- Born: June 13, 1901 Ellsworth, Maine
- Died: January 29, 1958 (aged 56) Santa Fe, New Mexico
- Known for: painting, writing
- Style: nonobjective, impressionist
- Movement: Transcendental Painting Group
- Spouse: Dorothy Morang

= Alfred Morang =

American painter

Alfred Gwynne Morang (1901–1958) was an American painter, writer, art critic and active member of the Santa Fe art colony.

Alfred Morang was born in Ellsworth, Maine in 1901. His early education was in violin playing, writing and painting. He met Dorothy Alden Clark in Boston and they married in 1930. Morang credited his friend, author Erskine Caldwell, with encouraging him to publish his writing.

The Morangs moved to New Mexico in 1937 upon a doctor's recommendation that Alfred needed a higher, drier climate. In Santa Fe he became an influential figure through his writing and teaching on art.
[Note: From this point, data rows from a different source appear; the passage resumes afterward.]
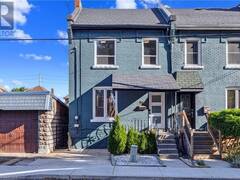 56 COLBOURNE Street Hamilton Ontario, L8R 2G5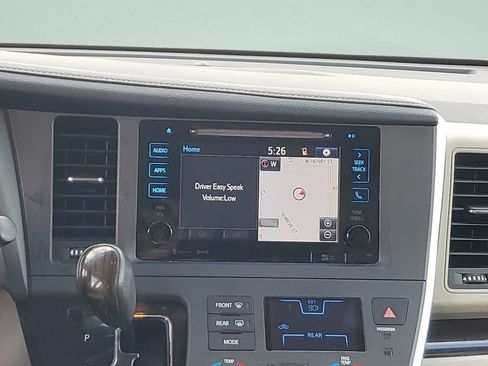 Used 2017 Toyota Sienna XLE w/ XLE Navigation Package FWD image 14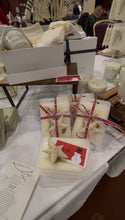 Load image into Gallery viewer, Christmas Wax Melt Gift Set
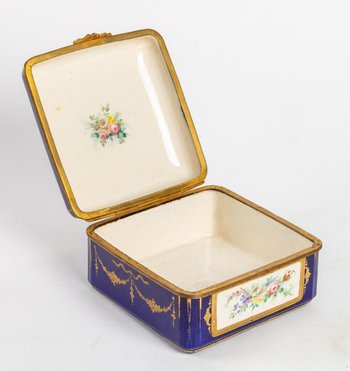Blue Porcelain Box Late 19th Century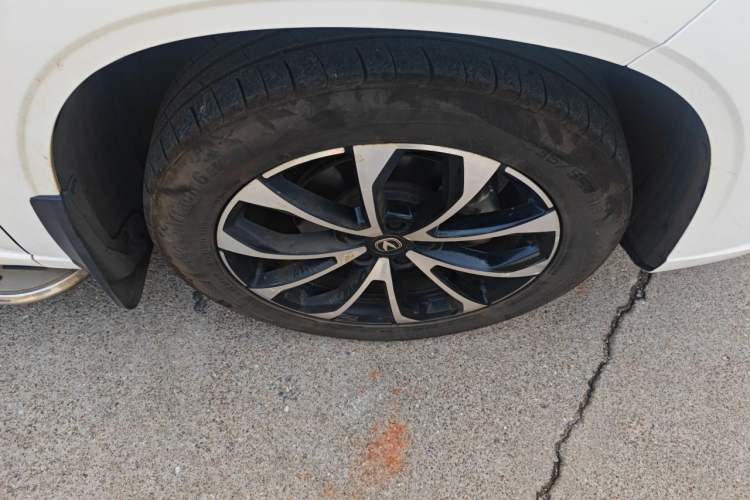 Used CHANGAN UNI-Z New Energy 2024 Blue Whale Smart Electric iDD 125km Beyond Edition Right Front Wheel Hub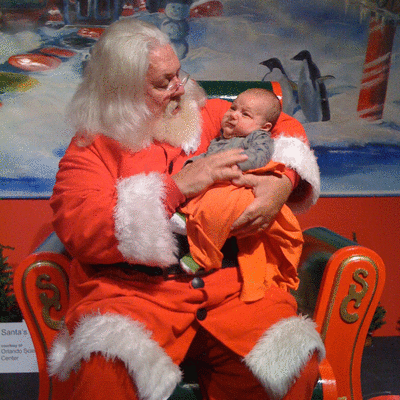 Smacked Santa - christmas pictures christmas humor christmas jokes christmas cartoons xmas pictures xmas humor xmas jokes xmas cartoons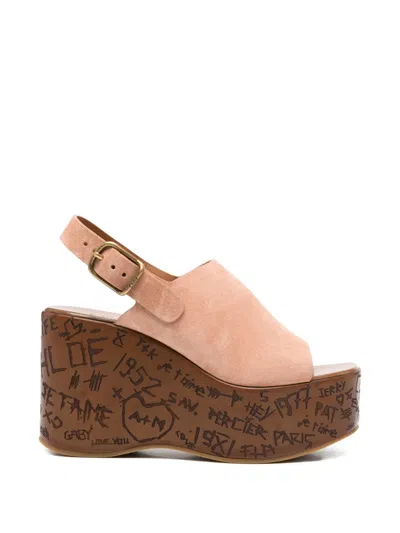 Chloé Maxime Wedge Buckle Sandals In Pink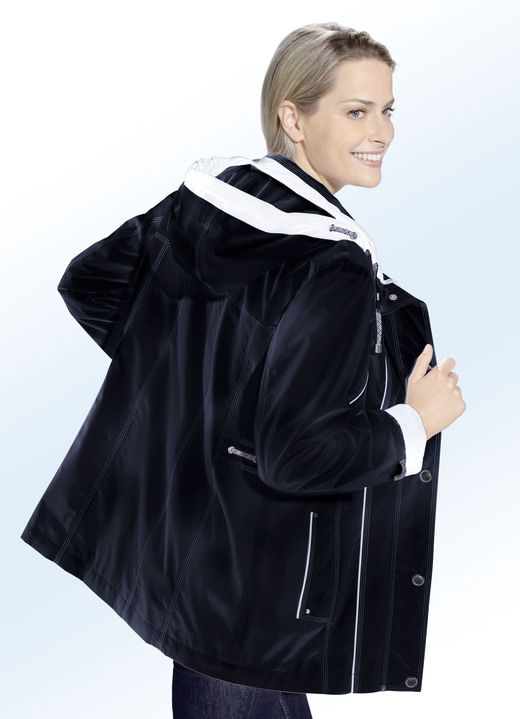 Kurz - Funktionsjacke mit kontrastfarbenen Akzenten, in Größe 036 bis 054, in Farbe WEISS-NAVY Ansicht 3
Notable publications include the 1940 booklet Transcendental Painting about the Transcendental Painting Group, a weekly newspaper column on art, and the 1947 book Adventure in Drawing. Morang also had a popular radio program in Santa Fe called "The World of Art."

In 1950 Alfred and Dorothy Morang divorced. A fire in his home/studio in January 1958 ended his life and his remains were cremated.

His home in Santa Fe, at 1 Placita Rafaela, is listed on the National Register of Historic Places as a contributing building in the Camino del Monte Sol Historic District. Some of his artworks are permanently located in the El Farol restaurant on Canyon Road in Santa Fe, New Mexico.